Let $\{x^1,\ldots,x^n\}$ be a system of coordinates for $M$; this can be extended to a system of local coordinates $\{x^1,\ldots,x^n;y^1,\ldots,y^n\}$ for $TM$ where $(x,y)$ corresponds to the point $(p,v)\in TM$ with $p$ the point in $M$ specified by $x$, and $v\in T_pM$ given by $\sum y^i\partial/\partial x^i$.
At a fixed point $(p,v)$, an element of $T_{p,v}TM$ can be then described by $$ V = \sum \xi^i \frac{\partial}{\partial x^i} + \sum \zeta^i \frac{\partial}{\partial y^i}$$ with the projection $$ d\pi(V) = \sum \xi^i \frac{\partial}{\partial x^i} $$
Express the curve $\alpha(t) = (p,v)(t)$ in this coordinates we have that the condition $\alpha'(0) = V$ is simply the statement that $\frac{d}{dt}p^i(0) = \xi^i$ and $\frac{d}{dt}v^i(0) = \zeta^i$.
With this we can compute $$ \frac{D}{dt}v^i(0) = \frac{d}{dt} v^i(0) + \Gamma^i_{jk}\left(\frac{d}{dt}p^j(0)\right)\left(v^k(0)\right) $$ using the definition, and where $\Gamma$ is the Christoffel symbol of the Riemannian metric on $M$. This we immediately see to be $$ \frac{D}{dt}v^i(0) = \zeta^i + \Gamma^i_{jk}v^k(0)\xi^j $$ which in fact is a linear map from $T_{p,v}TM$ to $T_pM$.
Now the three properties are easily checked:
- It is tensorial because the expressions are completely independent of which curve $\alpha$ is chosen, as long as $\alpha'(0)= V$.

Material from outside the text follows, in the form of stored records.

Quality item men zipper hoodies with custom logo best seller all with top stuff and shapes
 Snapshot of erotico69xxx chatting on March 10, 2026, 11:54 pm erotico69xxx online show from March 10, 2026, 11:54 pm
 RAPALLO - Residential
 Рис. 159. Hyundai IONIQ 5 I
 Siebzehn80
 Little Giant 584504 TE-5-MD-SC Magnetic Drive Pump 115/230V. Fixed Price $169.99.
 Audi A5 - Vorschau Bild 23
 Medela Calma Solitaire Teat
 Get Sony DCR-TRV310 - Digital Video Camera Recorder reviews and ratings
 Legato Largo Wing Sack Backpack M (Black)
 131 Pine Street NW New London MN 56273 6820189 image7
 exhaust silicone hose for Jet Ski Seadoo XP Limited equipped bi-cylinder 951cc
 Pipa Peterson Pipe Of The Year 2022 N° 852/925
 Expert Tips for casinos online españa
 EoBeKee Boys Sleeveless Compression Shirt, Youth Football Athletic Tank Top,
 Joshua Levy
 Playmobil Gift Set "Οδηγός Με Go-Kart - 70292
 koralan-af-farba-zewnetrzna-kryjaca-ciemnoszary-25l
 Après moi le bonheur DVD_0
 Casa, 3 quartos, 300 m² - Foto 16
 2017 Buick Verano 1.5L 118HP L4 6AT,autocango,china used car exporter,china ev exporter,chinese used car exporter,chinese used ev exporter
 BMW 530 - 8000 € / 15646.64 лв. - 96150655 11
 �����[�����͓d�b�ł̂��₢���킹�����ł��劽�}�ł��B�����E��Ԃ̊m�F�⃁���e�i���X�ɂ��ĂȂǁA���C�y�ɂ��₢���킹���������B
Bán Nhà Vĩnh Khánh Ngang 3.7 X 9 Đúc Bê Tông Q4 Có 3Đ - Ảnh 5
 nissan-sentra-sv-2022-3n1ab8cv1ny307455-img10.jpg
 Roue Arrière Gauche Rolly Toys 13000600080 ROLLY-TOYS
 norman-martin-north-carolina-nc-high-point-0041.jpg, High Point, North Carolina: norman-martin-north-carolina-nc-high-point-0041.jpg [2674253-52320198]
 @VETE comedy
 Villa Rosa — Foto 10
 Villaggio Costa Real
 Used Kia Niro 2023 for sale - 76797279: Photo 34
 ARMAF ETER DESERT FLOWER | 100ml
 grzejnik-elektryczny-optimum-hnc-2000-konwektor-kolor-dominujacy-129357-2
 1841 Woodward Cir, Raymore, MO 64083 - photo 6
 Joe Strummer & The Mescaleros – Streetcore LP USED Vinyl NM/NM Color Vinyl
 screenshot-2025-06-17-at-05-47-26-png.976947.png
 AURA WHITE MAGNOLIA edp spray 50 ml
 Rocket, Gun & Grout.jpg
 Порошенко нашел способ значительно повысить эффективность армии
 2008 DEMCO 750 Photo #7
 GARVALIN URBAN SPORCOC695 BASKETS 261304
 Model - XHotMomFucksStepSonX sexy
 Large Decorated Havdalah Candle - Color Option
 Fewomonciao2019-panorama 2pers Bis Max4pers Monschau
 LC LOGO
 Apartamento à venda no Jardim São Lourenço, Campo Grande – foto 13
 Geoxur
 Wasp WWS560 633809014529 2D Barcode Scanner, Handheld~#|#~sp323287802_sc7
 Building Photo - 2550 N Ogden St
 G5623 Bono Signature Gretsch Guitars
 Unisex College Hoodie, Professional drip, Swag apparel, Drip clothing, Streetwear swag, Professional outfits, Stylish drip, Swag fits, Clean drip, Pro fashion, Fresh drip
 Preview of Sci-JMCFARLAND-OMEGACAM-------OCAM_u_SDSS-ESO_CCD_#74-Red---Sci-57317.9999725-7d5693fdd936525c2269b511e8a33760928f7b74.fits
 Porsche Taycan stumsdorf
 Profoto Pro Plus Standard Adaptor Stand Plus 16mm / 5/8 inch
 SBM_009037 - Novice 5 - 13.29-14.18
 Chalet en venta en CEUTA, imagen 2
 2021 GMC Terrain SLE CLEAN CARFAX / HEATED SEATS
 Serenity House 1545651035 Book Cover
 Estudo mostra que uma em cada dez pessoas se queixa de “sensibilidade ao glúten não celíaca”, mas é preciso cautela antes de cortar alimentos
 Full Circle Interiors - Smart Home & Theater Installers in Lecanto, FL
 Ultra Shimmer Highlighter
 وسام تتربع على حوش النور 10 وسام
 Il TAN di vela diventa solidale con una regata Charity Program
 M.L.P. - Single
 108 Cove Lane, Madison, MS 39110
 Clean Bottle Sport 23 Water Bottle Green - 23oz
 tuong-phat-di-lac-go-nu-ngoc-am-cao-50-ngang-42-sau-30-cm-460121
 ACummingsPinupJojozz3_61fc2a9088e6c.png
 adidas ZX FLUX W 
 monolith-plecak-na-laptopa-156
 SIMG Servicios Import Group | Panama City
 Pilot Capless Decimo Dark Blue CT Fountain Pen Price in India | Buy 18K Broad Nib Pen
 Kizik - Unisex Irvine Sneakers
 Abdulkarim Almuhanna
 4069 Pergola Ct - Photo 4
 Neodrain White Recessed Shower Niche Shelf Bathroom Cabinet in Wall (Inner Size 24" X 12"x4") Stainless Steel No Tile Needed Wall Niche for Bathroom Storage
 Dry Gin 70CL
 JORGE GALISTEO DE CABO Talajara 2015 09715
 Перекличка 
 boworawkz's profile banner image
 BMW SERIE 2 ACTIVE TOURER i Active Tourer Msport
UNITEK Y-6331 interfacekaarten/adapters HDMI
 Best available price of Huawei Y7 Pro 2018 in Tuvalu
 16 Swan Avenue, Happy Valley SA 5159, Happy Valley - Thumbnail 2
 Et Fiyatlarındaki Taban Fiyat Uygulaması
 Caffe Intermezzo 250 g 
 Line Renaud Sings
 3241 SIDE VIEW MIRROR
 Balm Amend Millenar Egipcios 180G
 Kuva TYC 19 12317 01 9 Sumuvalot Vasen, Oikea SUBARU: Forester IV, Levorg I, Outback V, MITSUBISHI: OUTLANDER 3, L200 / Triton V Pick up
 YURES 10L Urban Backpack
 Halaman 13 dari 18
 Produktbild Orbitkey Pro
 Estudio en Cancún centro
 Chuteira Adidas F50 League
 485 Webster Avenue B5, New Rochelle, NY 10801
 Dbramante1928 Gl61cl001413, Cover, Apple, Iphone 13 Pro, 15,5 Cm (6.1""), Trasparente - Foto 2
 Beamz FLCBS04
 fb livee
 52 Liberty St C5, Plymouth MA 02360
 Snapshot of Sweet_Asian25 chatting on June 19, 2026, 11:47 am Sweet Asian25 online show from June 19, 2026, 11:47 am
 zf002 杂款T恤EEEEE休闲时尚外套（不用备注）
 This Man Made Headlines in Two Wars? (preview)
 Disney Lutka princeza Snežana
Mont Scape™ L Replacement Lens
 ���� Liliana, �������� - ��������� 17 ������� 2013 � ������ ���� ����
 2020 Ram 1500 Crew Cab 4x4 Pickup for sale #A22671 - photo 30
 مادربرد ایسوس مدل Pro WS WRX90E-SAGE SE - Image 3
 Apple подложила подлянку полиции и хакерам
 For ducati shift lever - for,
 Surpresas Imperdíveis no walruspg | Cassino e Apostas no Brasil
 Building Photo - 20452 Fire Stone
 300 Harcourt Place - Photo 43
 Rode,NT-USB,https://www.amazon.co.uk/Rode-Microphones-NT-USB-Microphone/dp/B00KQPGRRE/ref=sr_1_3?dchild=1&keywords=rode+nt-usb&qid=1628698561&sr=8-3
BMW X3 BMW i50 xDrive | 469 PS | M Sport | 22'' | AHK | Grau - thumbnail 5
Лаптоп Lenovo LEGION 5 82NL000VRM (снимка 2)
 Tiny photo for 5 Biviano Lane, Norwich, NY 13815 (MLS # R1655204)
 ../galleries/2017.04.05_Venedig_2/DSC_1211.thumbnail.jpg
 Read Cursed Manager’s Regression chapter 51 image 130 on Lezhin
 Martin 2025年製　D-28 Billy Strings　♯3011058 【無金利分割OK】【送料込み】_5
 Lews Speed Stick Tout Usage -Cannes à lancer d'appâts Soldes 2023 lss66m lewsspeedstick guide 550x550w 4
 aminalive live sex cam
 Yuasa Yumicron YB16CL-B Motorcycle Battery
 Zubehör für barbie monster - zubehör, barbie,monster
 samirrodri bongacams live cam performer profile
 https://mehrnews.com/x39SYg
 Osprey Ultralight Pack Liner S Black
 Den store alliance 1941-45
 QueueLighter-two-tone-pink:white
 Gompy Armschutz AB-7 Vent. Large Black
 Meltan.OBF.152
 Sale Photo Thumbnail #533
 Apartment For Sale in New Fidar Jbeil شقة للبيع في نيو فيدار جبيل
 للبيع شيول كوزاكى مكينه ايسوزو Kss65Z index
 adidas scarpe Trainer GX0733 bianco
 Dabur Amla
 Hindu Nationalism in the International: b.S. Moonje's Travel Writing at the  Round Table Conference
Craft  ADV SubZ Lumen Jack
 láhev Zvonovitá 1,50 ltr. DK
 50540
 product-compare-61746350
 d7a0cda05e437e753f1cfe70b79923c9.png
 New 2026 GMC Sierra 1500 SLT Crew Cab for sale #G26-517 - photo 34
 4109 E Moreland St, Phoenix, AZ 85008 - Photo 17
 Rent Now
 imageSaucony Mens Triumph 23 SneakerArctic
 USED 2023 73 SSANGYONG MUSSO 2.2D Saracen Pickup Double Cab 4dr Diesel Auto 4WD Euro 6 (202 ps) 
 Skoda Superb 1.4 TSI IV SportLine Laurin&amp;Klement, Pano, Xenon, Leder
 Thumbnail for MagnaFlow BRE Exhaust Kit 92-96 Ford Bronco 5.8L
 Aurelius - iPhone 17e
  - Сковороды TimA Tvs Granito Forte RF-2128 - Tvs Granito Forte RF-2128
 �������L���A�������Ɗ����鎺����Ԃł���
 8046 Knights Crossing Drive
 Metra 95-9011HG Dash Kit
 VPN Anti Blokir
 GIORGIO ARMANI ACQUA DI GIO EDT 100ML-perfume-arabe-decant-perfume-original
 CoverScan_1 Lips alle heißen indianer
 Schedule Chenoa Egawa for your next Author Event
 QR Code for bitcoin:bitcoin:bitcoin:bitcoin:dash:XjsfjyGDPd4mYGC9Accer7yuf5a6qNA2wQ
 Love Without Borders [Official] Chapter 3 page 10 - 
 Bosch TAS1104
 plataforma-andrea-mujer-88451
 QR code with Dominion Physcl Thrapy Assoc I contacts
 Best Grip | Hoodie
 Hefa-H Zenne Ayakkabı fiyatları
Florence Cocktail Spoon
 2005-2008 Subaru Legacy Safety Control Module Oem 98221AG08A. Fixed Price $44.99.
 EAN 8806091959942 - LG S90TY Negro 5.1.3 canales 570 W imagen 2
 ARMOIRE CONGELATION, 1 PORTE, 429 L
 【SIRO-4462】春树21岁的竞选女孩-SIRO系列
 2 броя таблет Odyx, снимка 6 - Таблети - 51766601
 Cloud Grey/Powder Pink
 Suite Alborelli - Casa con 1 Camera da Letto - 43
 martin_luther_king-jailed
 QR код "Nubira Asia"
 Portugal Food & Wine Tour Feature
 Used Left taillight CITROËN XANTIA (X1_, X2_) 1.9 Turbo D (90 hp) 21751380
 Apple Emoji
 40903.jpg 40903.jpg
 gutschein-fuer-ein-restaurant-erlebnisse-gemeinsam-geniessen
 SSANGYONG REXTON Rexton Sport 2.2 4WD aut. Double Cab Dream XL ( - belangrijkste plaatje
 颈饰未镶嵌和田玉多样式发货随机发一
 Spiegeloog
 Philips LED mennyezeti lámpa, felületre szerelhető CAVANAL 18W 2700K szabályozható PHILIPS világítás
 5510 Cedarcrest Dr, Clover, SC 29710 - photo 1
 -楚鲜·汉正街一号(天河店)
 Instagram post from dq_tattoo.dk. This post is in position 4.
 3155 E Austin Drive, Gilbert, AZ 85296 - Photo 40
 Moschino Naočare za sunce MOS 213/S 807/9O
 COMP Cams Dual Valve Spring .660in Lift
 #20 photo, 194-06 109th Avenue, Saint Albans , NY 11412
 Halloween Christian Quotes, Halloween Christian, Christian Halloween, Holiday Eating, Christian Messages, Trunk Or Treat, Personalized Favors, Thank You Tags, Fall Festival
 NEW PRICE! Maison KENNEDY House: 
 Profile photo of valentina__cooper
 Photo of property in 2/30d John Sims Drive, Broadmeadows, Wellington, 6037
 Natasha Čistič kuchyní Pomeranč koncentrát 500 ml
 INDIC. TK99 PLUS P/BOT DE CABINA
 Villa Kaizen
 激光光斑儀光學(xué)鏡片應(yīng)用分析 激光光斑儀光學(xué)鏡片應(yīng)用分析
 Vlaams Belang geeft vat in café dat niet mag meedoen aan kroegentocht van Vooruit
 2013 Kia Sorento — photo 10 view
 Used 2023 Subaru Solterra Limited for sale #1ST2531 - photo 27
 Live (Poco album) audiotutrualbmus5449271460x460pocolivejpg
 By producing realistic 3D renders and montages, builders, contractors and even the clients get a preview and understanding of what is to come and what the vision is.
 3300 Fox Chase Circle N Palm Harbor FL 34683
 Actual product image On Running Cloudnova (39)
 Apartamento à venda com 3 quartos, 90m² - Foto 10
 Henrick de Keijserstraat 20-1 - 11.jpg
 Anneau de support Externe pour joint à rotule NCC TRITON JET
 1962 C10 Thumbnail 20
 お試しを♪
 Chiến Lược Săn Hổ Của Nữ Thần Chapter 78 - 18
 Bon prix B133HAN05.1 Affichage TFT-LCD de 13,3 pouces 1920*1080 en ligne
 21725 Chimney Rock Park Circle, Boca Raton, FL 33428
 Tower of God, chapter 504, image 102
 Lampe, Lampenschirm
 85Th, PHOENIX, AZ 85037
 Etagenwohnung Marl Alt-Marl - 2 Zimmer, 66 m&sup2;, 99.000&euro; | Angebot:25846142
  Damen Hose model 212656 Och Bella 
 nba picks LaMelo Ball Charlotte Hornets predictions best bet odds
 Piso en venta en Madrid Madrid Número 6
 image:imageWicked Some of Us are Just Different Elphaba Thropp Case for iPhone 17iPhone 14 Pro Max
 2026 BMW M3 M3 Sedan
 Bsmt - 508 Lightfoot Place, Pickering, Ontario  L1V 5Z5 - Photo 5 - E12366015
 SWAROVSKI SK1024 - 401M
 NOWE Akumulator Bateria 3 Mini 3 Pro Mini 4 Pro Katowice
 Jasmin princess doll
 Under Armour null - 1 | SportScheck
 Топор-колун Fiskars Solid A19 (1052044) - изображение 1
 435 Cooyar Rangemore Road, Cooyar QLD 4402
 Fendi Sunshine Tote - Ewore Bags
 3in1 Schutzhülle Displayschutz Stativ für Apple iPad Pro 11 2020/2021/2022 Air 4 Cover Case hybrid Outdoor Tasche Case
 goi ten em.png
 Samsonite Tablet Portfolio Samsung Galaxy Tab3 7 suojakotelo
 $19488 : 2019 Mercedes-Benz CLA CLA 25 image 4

- It is bilinear because $T_{p,v}TM\ni V\mapsto (d\pi(V),\frac{D}{dt}v(0))\in T_pM \oplus T_pM$ is linear, and the Riemannian metric on $M$ is bilinear
- Since the Riemannian metric induced on $T_pM\oplus T_pM$ is positive definite, to prove that the new object is also positive definite, it suffices to check that the map $V\mapsto (d\pi(V),\frac{D}{dt}v(0))$ is injective. But this is true by direct inspection.